2) Fix trace-message exceptions on 2.X for non-ASCII unicode filenames
In 1.0, non-ASCII filenames in zipfiles created by other tools
(including Python 3.X) could trigger an exception when printed
to a pipe by Python 2.X. This didn't occur when messages were
printed to the console, but would happen for pipes whenever an
extract yielded a decoded unicode object for a non-ASCII filename.
This became common with the next fix, because all non-ASCII
filenames are now unicode in 2.X in creates. To fix, printed
str items are forcibly encoding to UTF-8 when printed by 2.X.
Separately, non-ASCII prints can generally fail in both Pythons
on Windows; this was fixed by munging characters or bytes.
3) Fix munged filenames in 3.X (and other) unzips of 2.X zips
Summary: when run by Python 2.X, ziptools creates (zips) now process
filenames as Unicode, so that zipfiles made by 2.X are more platform
agnostic. Else, non-ASCII filenames could be munged when unzipped
either across platforms, or by other tools - including Python 3.X.
Details: when run on Python 2.X, creates now force filenames to Unicode
by passing a unicode object instead of a str to os.listdir(). This in
turn makes the 2.X zipfile module encode filenames more interoperably,
using Unicode formats and flags expected by other unzip tools.
Formerly, ziptools on 2.X stored filenames as bytes pre-encoded per the
underlying platform's default. This worked if 2.X unzipped its own zips
on the same platform, but could fail to decode properly on 3.X as well
as incompatible platforms. When ziptools 1.0 was run on 3.X, 2.X zips
yielded munged non-ASCII filenames; with the 1.1 fix, they do not.
This fix also made it necessary to avoid a 2.X encoding exception for the
now-Unicode non-ASCII filenames in trace messages printed during creates
to pipes on Unix.
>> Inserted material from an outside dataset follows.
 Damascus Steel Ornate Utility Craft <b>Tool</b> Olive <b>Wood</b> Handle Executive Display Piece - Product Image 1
The exceptions could also happen before the fix when
2.X extracted 3.X zips, because Unicode was returned for non-ASCII.
For reference, below is the (reformatted) relevant code from the 2.X and
3.X zipfile modules. ziptools' former 2.X str scheme generally worked if
2.X both zipped and unzipped on the same (or a compatible) platform, but
the new unicode scheme both yields a more platform-neutral encoding and
satisfies the expectation of 3.X and other unzip tools:
2.X (str text is encoded bytes):
Create: unicode|bytes=>bytes
if isinstance(self.filename, unicode):
try:
return self.filename.encode('ascii'), self.flag_bits
except UnicodeEncodeError:
return self.filename.encode('utf-8'), self.flag_bits | 0x800
else:
return self.filename, self.flag_bits <== str: platform-encoded
Extract: bytes=>unicode|bytes
if self.flag_bits & 0x800:
return self.filename.decode('utf-8') # ok for ascii or utf8
else:
return self.filename <== str: ok IFF compatible!
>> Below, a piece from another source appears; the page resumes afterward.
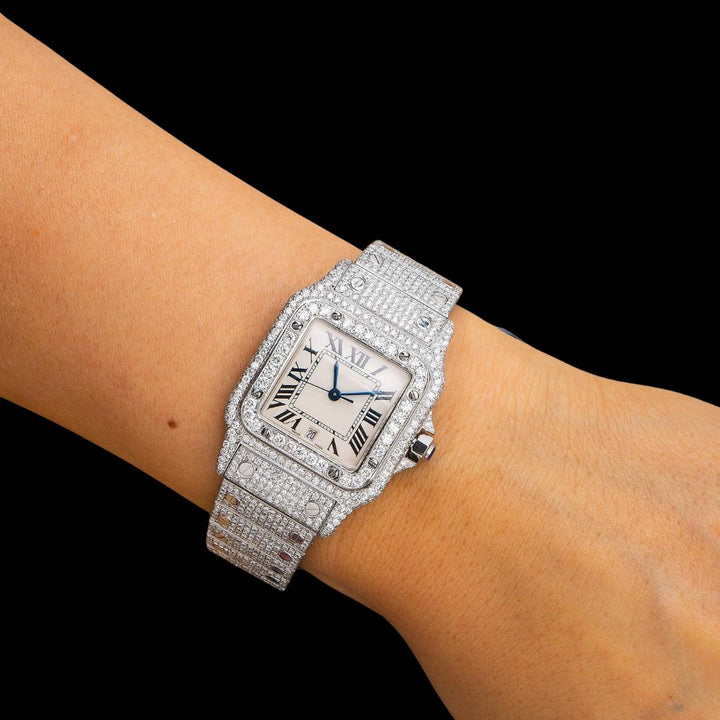 White Dial Roman Numerals Cartier Santos Fully Iced Out Moissanite Diamond Watch On Wrist View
3.X (str text is decoded Unicode):
Create: unicode=>bytes
try:
return self.filename.encode('ascii'), self.flag_bits
except UnicodeEncodeError:
return self.filename.encode('utf-8'), self.flag_bits | 0x800
Extract: bytes=>unicode
if flags & 0x800:
filename = filename.decode('utf-8') # ok if flag & (ascii | utf8)
else:
filename = filename.decode('cp437') <== MUNGED if UTF-8 from 2.X!